____ Records supplied
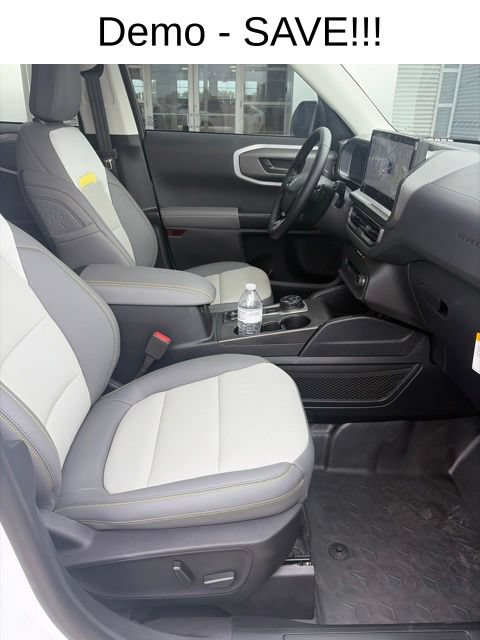 New 2026 Ford Bronco Sport Badlands w/ Sasquatch Badlands Package AWD/4WD image 15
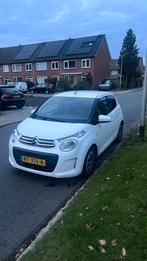 Citroën C1 1.0 VTi Airscape 68PK S&S 5D 2018 Wit, Auto's, Voorwielaandrijving, Parkeersensor, 4 stoelen, C1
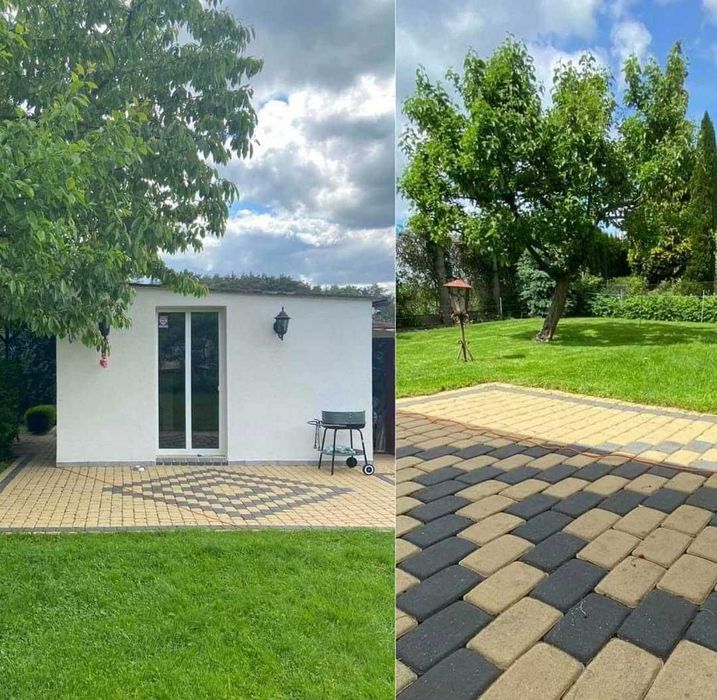 Działka ROD z pełnym wyposażeniem Jagodowo-Osielsko zadbana umeblowana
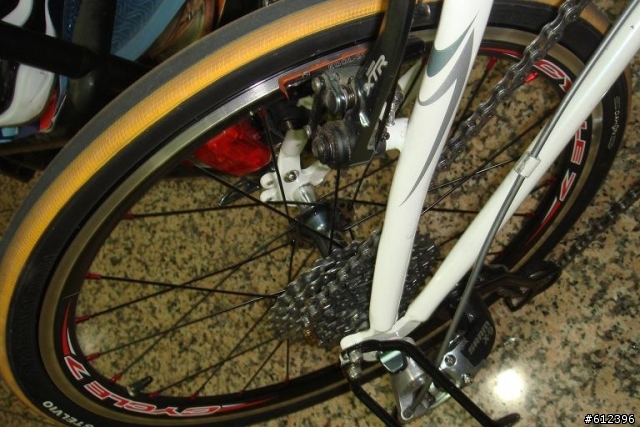 [開箱]DAHON 圓點CYCLE 7 SL 輪組加芒果胎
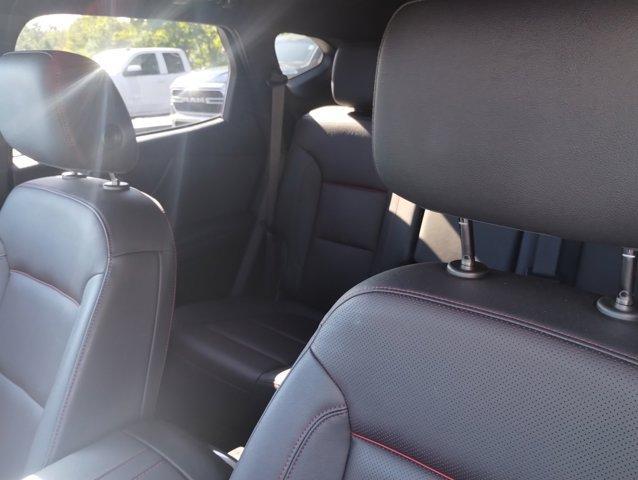 used 2022 Chevrolet Blazer car, priced at $31,924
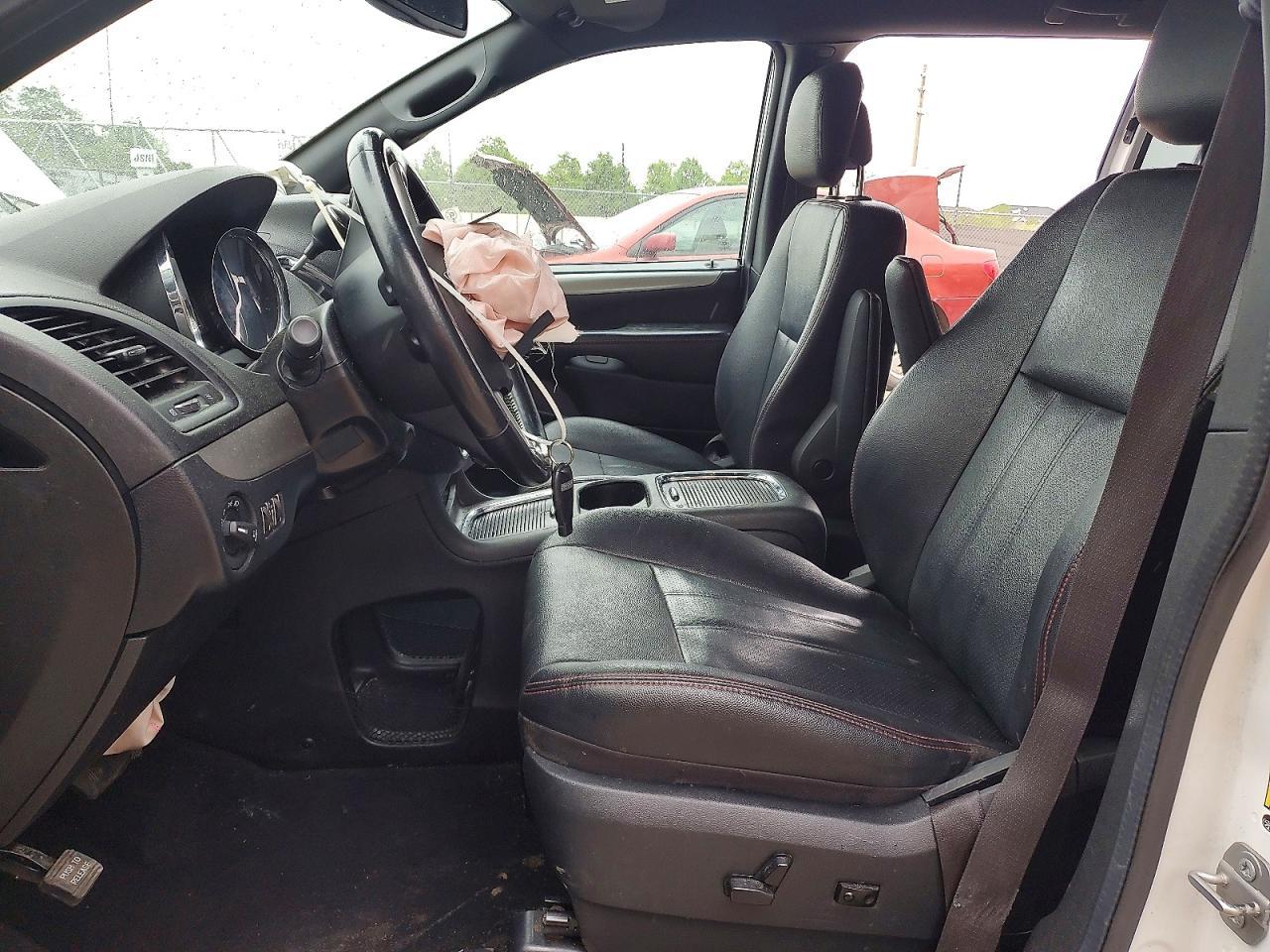 2019 Dodge Grand Caravan Gt - zdjęcie 7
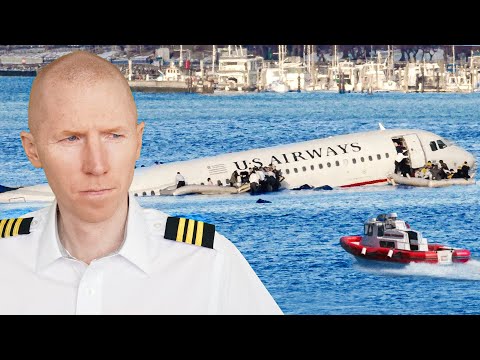 Youtube: Plane's Emergency Landing in Hudson River | Sully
________
Exercise goal: With the pictures removed, copy the data above word for word.

Task solution:
 New 2026 Ford Bronco Sport Badlands w/ Sasquatch Badlands Package AWD/4WD image 15
 Citroën C1 1.0 VTi Airscape 68PK S&S 5D 2018 Wit, Auto's, Voorwielaandrijving, Parkeersensor, 4 stoelen, C1
 Działka ROD z pełnym wyposażeniem Jagodowo-Osielsko zadbana umeblowana
 [開箱]DAHON 圓點CYCLE 7 SL 輪組加芒果胎
 used 2022 Chevrolet Blazer car, priced at $31,924
 2019 Dodge Grand Caravan Gt - zdjęcie 7
 Youtube: Plane's Emergency Landing in Hudson River | Sully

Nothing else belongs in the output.